A Light On the Past

Walking into the cool shade of Ghar Dalam from the bright spring sunshine outside might send a shiver down your spine: here, inside the depths of this ancient cave – whose name means the Cave of Darkness – was found the earliest evidence of human settlement in the Maltese islands, shining a flickering light on the islands’ mysterious past.
First excavated in 1865 by Professor Arturo Issel, an Italian geologist in search of Neanderthal Man in Malta, the cave yielded layers of fossils from as early as 500,000 years ago to less than 10,000 years ago, when the first signs of human presence in Malta were discovered.
As archaeologists dug in the solidified mud they passed through several layers, each of which was like a journey into the mysterious past that took them further and further back in time.
The lowermost layers, more than 500,000 years old, contained the fossil bones of dwarf elephants, hippopotami, micro-mammals and birds. Above the pebble layer that follows, is the so-called “deer” layer, dated to around 18,000 years ago. The top layer, or “cultural layer”, dates to less than 10,000 years and holds evidence of the first humans on the island.

The Ghar Dalam Museum is divided into two sections: a modern didactic part in which one finds information about the cave, and the “Old Museum” which was kept as an example of a Victorian style museum in which hundreds of semi-fossilised bones are mounted on wooden boards without any explanations. “The Old Museum” was opened in 1933 while the new didactic museum was inaugurated in 2002.
Considered to be one of the oldest caves in the Maltese islands, Ghar Dalam was formed at a time when the climate was milder and much wetter. Water from heavy rainfalls formed the many valleys, underground caverns and caves that are characteristic of the Maltese islands. Ghar Dalam was formed by the action of rushing waters that eroded the soft limestone forming a long tube. An overlaying river running down towards the sea gradually ate its way into, through, and well beyond the subterranean tunnel, ultimately reaching the level of the present valley bed. The two ends of the tunnel were therefore left perched high on either side of the valley. One end is now Ghar Dalam, while the opposite end is known simply as “the Second Cave”.

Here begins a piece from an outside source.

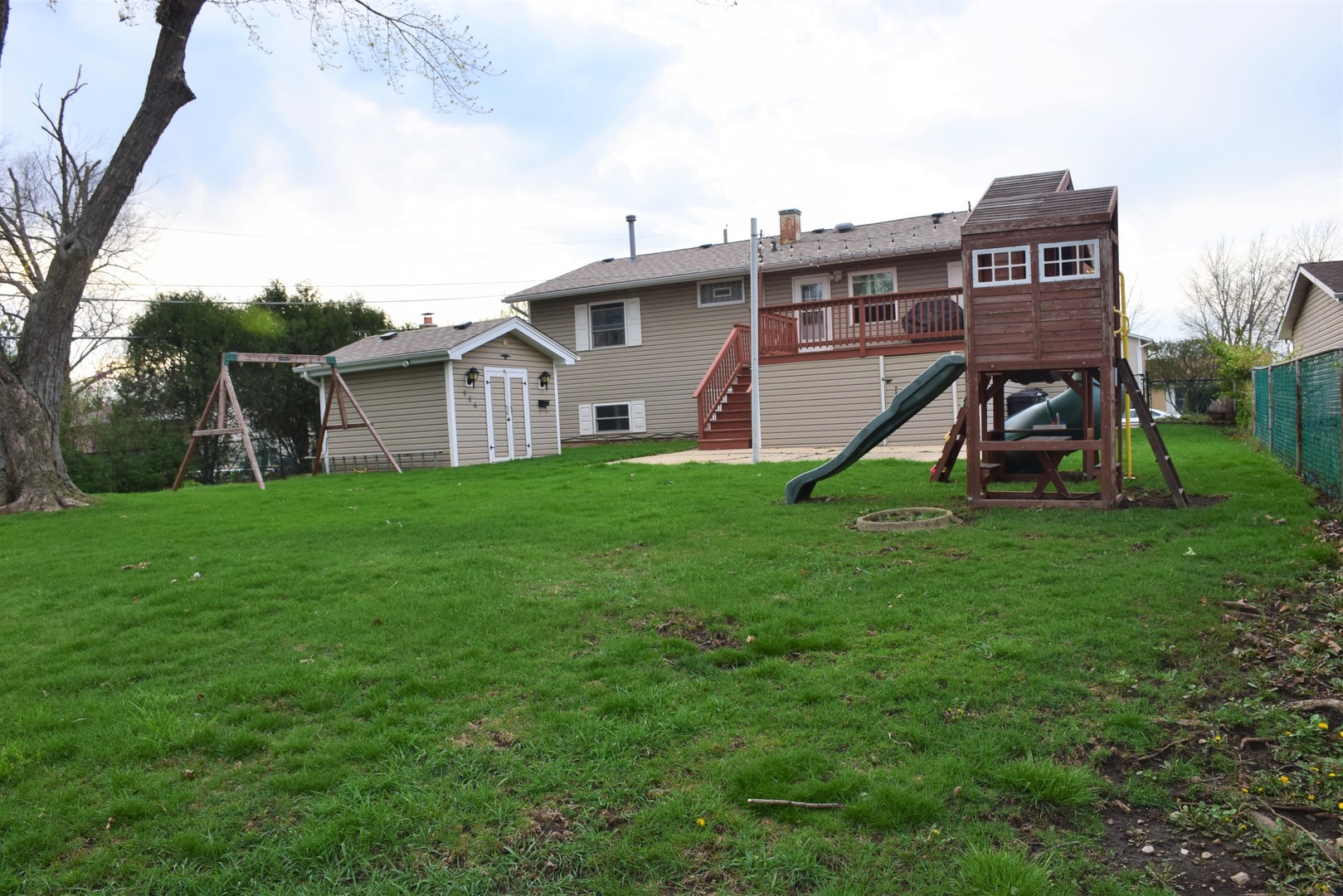 986 Yorkshire Drive, Hanover Park, IL 60133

The overflowing river, running at right angles to the tunnel, gradually “ate” its way deeper and deeper into the limestone until it reached the tunnel’s roof and breached it. This formation of the cave happened in the early periods of the Ice Age, but the collapse of the cave’s roof happened at much the same time when herds of hippopotami and elephants roamed the island. When the tunnel roof collapsed, carcasses of dead animals, dismembered skeletal parts and other debris dragged by the river were sucked into the tunnel and deposited within.
Ghar Dalam is also an important archaeological site because in it were found the first signs of human activity on the Maltese islands. Apart from pottery dating back to 5,200BC, human remains were found inside the cave.